Democracy can only work if we constantly return to the drawing board to re-examine its meaning and how we practice it. We know that our current practice of ‘majority rule’ feeds oppositional discourse. At the same time we know that on the one hand brain is wired to be exploited by oppositional discourse, and on the other it has the capacity to rise above it.
Could it be that our institutions of governance could be redesigned so that the cooperative part of our brains are more exercised in our political discourse, participation and decision making? Could rejigging our institutional framework of governance make us less susceptible to compromise and the exploitation of our limbic brain?
These are questions we should not be afraid of exploring. No system will be perfect. But one that is better than what we have today can be further improved tomorrow.

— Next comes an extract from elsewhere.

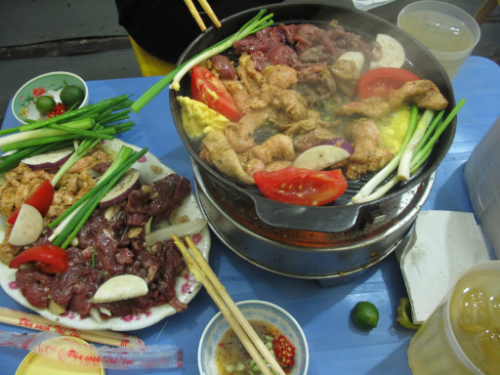 Thưởng thức các món nướng khi chớm đông ở Hà Nội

Whilst democracy can never happen without some kind of decision-making voting apparatus, it is possible for us to relegate those divisions to substance rather than identity. Here are some examples of what we could do.
a] Appoint the cabinet directly through elections: This would force political campaigns to focus on the substance of the candidates policy platform. Citizens may still end up very divided on certain issues, but it’s more likely there will be areas where any citizen has voted like another. Plus, elected cabinet members would be more accountable to their electoral commitments.
b] Use technology to enable citizen participation in policy development and implementation. We live in the age of the internet, so this is possible. Participating in developing and implementing solutions for the issues that really matter to us will make us more informed about the issues we are voting on, more aware of the complexities, and less susceptible to oppositional discourse. Also, given that relevant stakeholders will be involved in identifying the issues, political candidates will be in a much better position to base their policy platforms on meeting citizen needs.